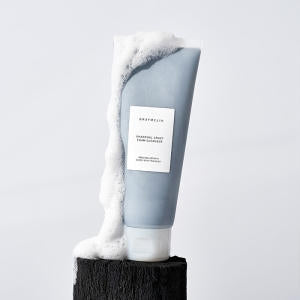 GRAYMELIN: Charcoal Crazy Foam Cleanser 150ml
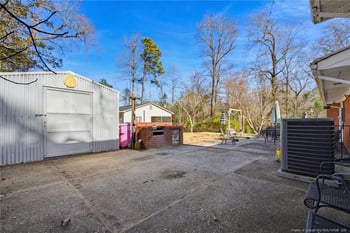 311 Brainerd Ave, Fayetteville, NC 28301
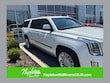  CADILLAC Escalade ESV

....

§ **Problem details**: Repeat the line that contains "311 Brainerd Ave, Fayetteville, NC 28301" and each line after it, through the last line of the listing, exactly and alone; pictures stay out of the repeat.

§ **Reply**:
 311 Brainerd Ave, Fayetteville, NC 28301
  CADILLAC Escalade ESV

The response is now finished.